Saturday, August 31, 2013

Hottest 2013 Day in the Woods

Up to 100 F this afternoon. I drove the southern service road eastward from the transfer station and stopped at the end of the N-S trail by Heather's solar cell. The giant ragweed there is now 7-8 feet high. I pushed open a path from the hot grassy road to the shaded forest. The ragweed shed its loads of yellow pollen from each cupped flower as I pushed the tall stems aside and pressed them down. The air was minty with fragrant plant aromas until abruptly stepping into the dry open basin shaded by the willows. Large black carpenter ants were busy there along a dead stub of one prostrate big willow. North there were some small branches and debris across the trail; but mostly the trail was in good shape despite my absence. At the EW trail jct someone (squirrel?) had been eating green pecans and their bright white-yellow fragments were littering the trail. Lots of dried curled dead leaves are down.. shed during the heat of the past two weeks. But these represent surely less than 5 % of the leaves that will come down this year.
Up to Barney Jct and NW to Tall Stump and then to the East Pond. It was mostly dry but still held 0.86 ft of water by the gauge. From there south through the Big Tree grove to the Main SW Trail. Passing the big cottonwood (#200) and a little farther south a big leaning green ash and a sudden alcoholic sweet smell of a tree wound with flux.
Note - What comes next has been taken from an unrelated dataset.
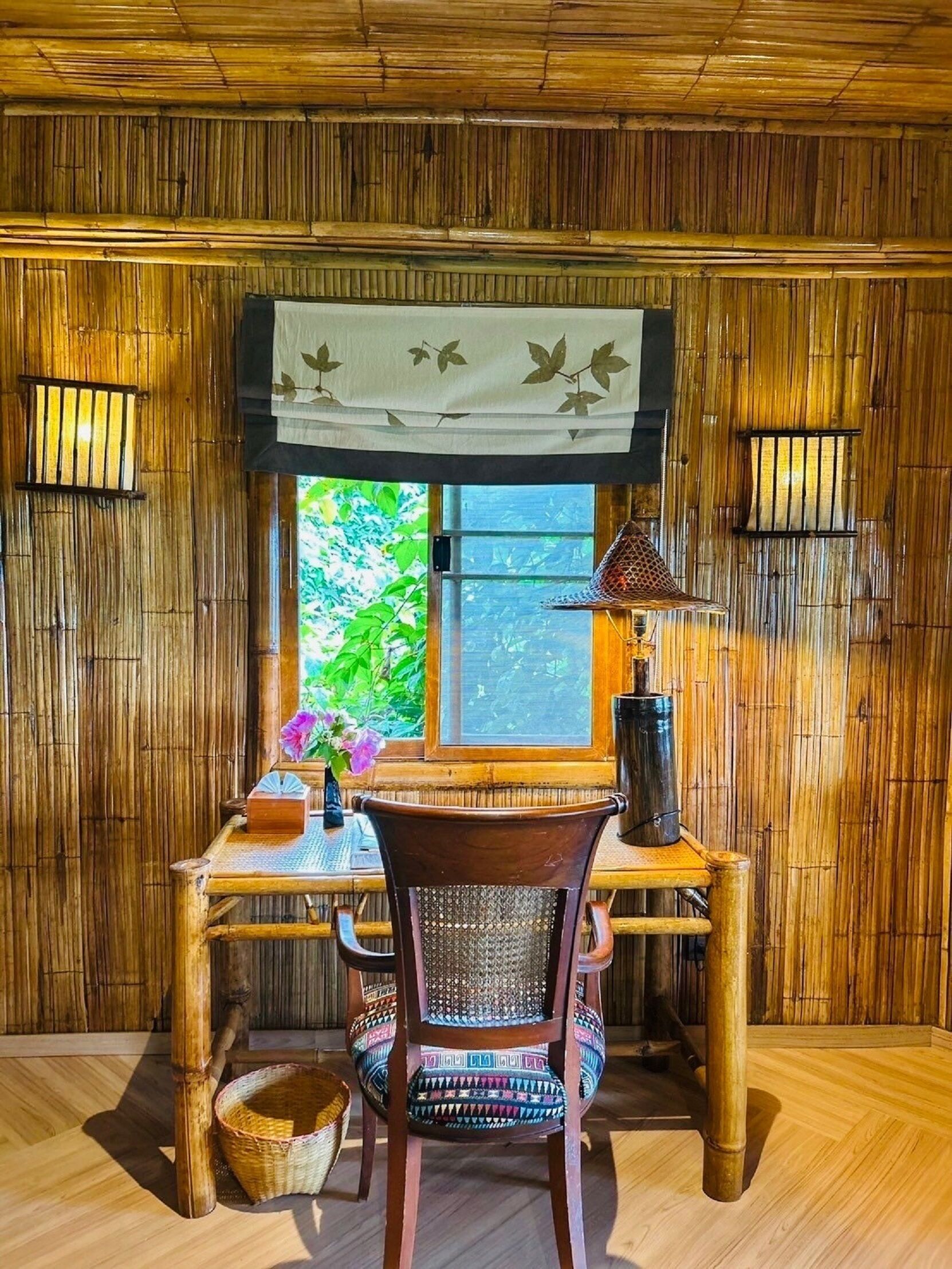 A bamboo-paneled room with a wooden desk, a chair, a window with a view of greenery, and a decorative hanging above the desk.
Twenty feet up the tree a foot long old wound and flux streak extending to the ground was attracting a busy group of nymphalids (mostly hackberry emperors).. some green bottle Lucilla calliphorids and a few others.
Leaving the Woods I took the W. Dune trail and was impressed again at the Cnidoscolus bull nettle flourishing there above the Opuntia.
I stopped to refresh several blue paint blazes on my way out.